I will say ant led with 2 watts and up "must have a good heat sink and attached fan" or it will fail in a hurry. My 3 watt quad beamswork fixtures will grow anything and the color is good and colors up my broms and they kick pups out like crazy. By the time I source everything and build it I figuess I wouldn't be saving much and these look nicer and have lasted past the cost of replacing the bulbs twice so I'm already even regardless all savings from here out, not to mention the power savings.


----------



## Nick_ (Mar 24, 2008)

epiphytes etc. said:


> Phil, you should look at the reviews for the particular one you linked to.


Hence me stating "style" of light rather than "yes that one"

The reviews are dismal of many of the fixtures. It's all about research, so soo many forums on led lighting out there to help avoid a bad purchase. Also if you have any basic wiring skills the options become infinitely less intimidating.


----------



## Nick_ (Mar 24, 2008)

planted-tnk-guy said:


> I will say ant led with 2 watts and up "must have a good heat sink and attached fan" or it will fail in a hurry. My 3 watt quad beamswork fixtures will grow anything and the color is good and colors up my broms and they kick pups out like crazy. By the time I source everything and build it I figuess I wouldn't be saving much and these look nicer and have lasted past the cost of replacing the bulbs twice so I'm already even regardless all savings from here out, not to mention the power savings.


This is a gross exaggeration, but I understand your point. Please explain your setup so I understand it.
A proper heat sink can dissipate heat from 3 watt LEDs without issue, even here (104-112 peak every year) run over a reef inside of a hood on a 12 hr cycle mid summer. 
Your beams works would be too expensive to source because they use smaller led. The companies using tiny 1-3 watt application invested in research before the current high power chipset became available and produced at its current price. Beams works look great for certain applications, they seem to build a good product.


----------



## planted-tnk-guy (Mar 9, 2014)

I agree the heat sink will dissipate lots of heat but th e cooler you keep an led the longer life it has so I prefer small computer fans to help move the heat out. I also keep my leds 1 inch above my tanks so I want the heat gone as when you have 54 3 watt leds going it's hot.
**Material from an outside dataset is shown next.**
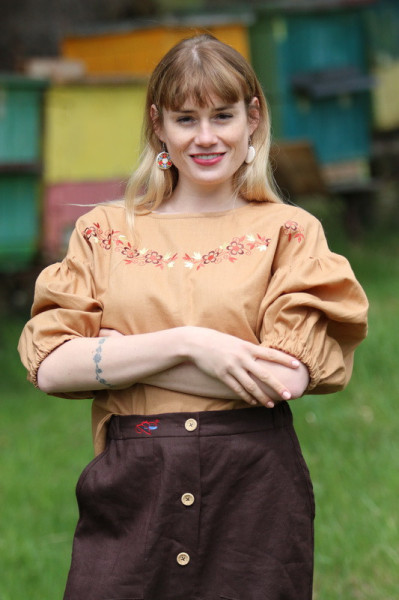 Vyšívaná ľanová blúzka...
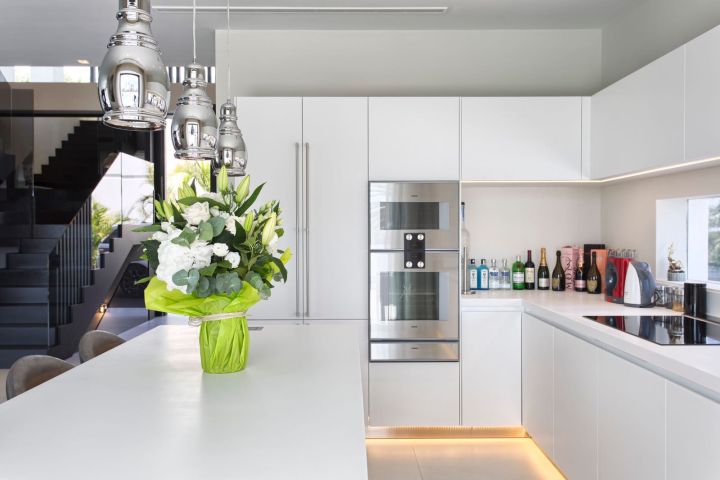 Villa avec 5 chambres et 5 salles de bain - Villa spacieuse au design contemporain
I like the 10-50 watt leds I think they will be great but they have to have a fan attached quality high power leds have built in fans right on the heat sink. I am not saying it won't work but I don't want my light to last one or two years I want it to last 5 for it to be worth the investment and time. Or I might as well stay with t5s and I don't think it's an exaggeration that I have paid for the lights from not buying light bulbs. I had 4 bulbs that I replaced 2 times a year at 10.00 per bulb I have had it for 1.5 years that's 120.00 I didn't spend on bulbs. Granted I didn't buy the cheapest bulbs as I liked to mix my colord red, purple, and various kalvin ratings to get a good rendition. I now don't have to mess with all that and broken bulbs coming and the hassle either. I know my power savings isn't that big but less heat is less cooling so I know I save on the electicity. I know the leds will get better as we here in Oregon, Washington, Colorado and soon enough California and Nevada will be buying the high power ones for growing and the companiesof all the leds are doing R and D actively. Par ratings are hard to determine correctly at home on leds with the many narrow spectrums coming out of one fixture so I take those numbers with a grain of salt and leave my plants to judge that not a number so I dont even look at that anymore. It's a good judge but not cut and dry either. I would post picks of my setups but it's not loading tonight so I will try and figure it out tomorrow and post some pics.


----------



## planted-tnk-guy (Mar 9, 2014)

But regardless of my opinions and experiences as they are just that (mine). I hope you find a good HO led and I am following and hope you find a good one that doesn't burn out fast with or without the fan with a good color rendition. As I would love to use them over my palms in my house that would be great stuff. The thing that is hard for me is I can get a Kessel for 175.00 and I know it works great and will not fail so even if I spend 50-80 and it dies I'm out almost half the price of a guaranteed thing. In reality I'm just paying for their R and D but that is why it is hard for me to swallow DYI. But if you enjoy it it's no different than me tossing out cash for anything else really =).


----------



## Nick_ (Mar 24, 2008)

I can see some of your points for sure. As far as long term economy goes I arrived at the beginning of my juncture about two years ago. The lights I listed are not ones I've just read about. I have built and or owned all of those types (many DIY using the clusters of 3-5 watt cree type). I had 4 Kessils on preorder and was using them the week they hit the Bay area. I think you misunderstood my post, those are the led I have found to work well and forf the most part last  
My oldest flood (30 watts) is going on it's third season now overwintering then vegging for over two years straight on just a large heat sink. I still love me a nice looking high end fixture and can certainly appreciate many of them, don't get me wrong. I already have two AI Primes pre ordered for my system upgrade (waiting on your AI).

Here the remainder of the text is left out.